Task statement:
Omit the images, then print each record below exactly as it reads.

Source records:

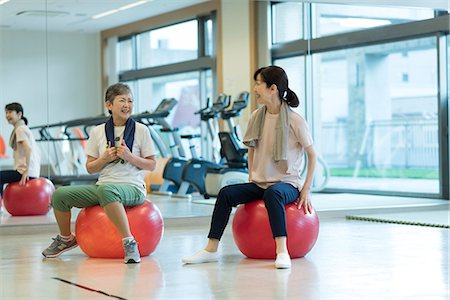 Senior woman working out with balance ball Stockbilder - Premium RF Lizenzfrei, Bildnummer: 669-09145223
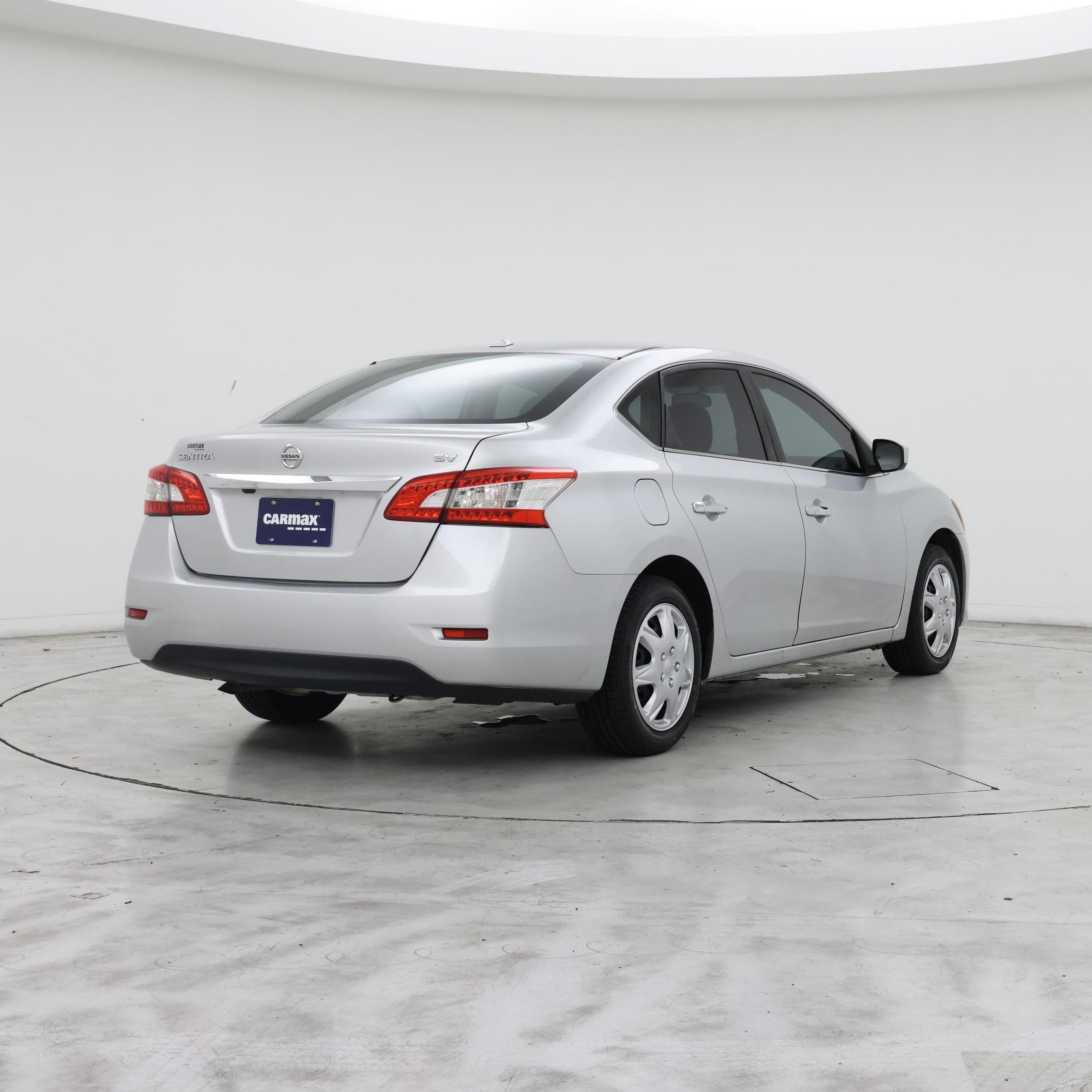 Thumbnail: 2015 Nissan Sentra - 8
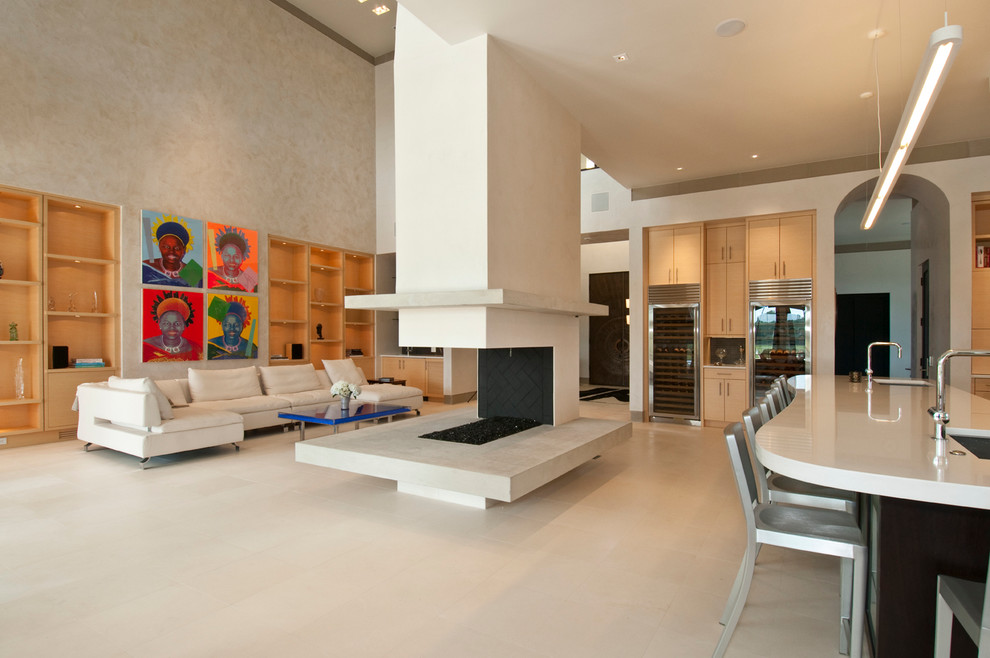 Cette image montre un salon design ouvert avec un mur beige et une cheminée double-face.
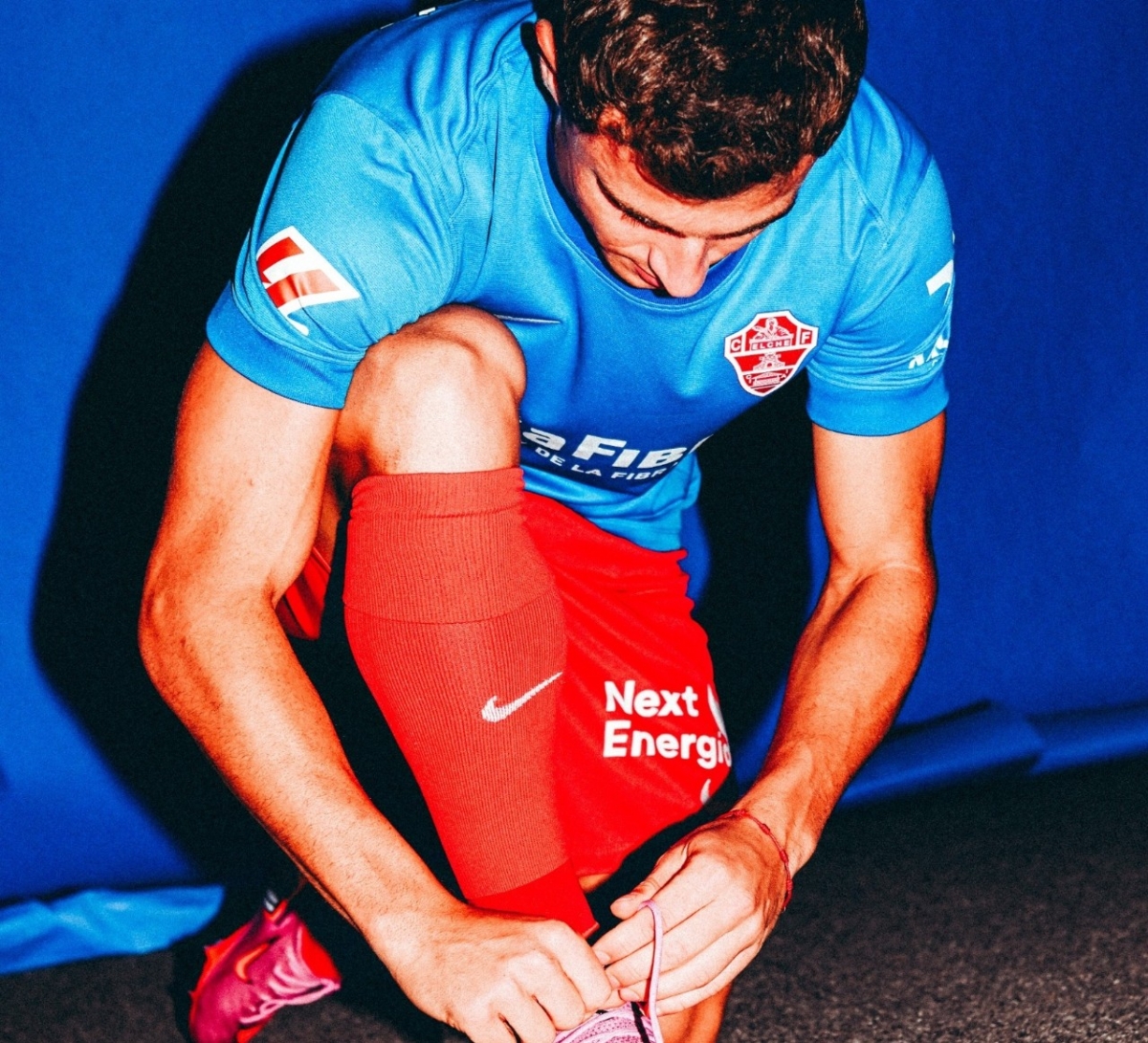 Uno de los futbolistas del primer equipo luciendo la tercera equipación - Foto: ELCHE CF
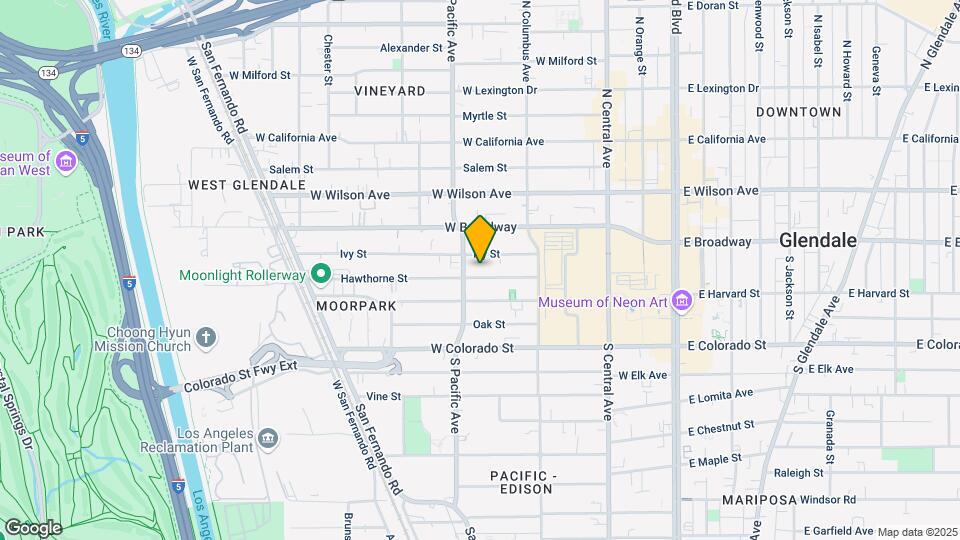 451 Hawthorne St Map and Location Details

Expected output:
 Senior woman working out with balance ball Stockbilder - Premium RF Lizenzfrei, Bildnummer: 669-09145223
 Thumbnail: 2015 Nissan Sentra - 8
 Cette image montre un salon design ouvert avec un mur beige et une cheminée double-face.
 Uno de los futbolistas del primer equipo luciendo la tercera equipación - Foto: ELCHE CF
 451 Hawthorne St Map and Location Details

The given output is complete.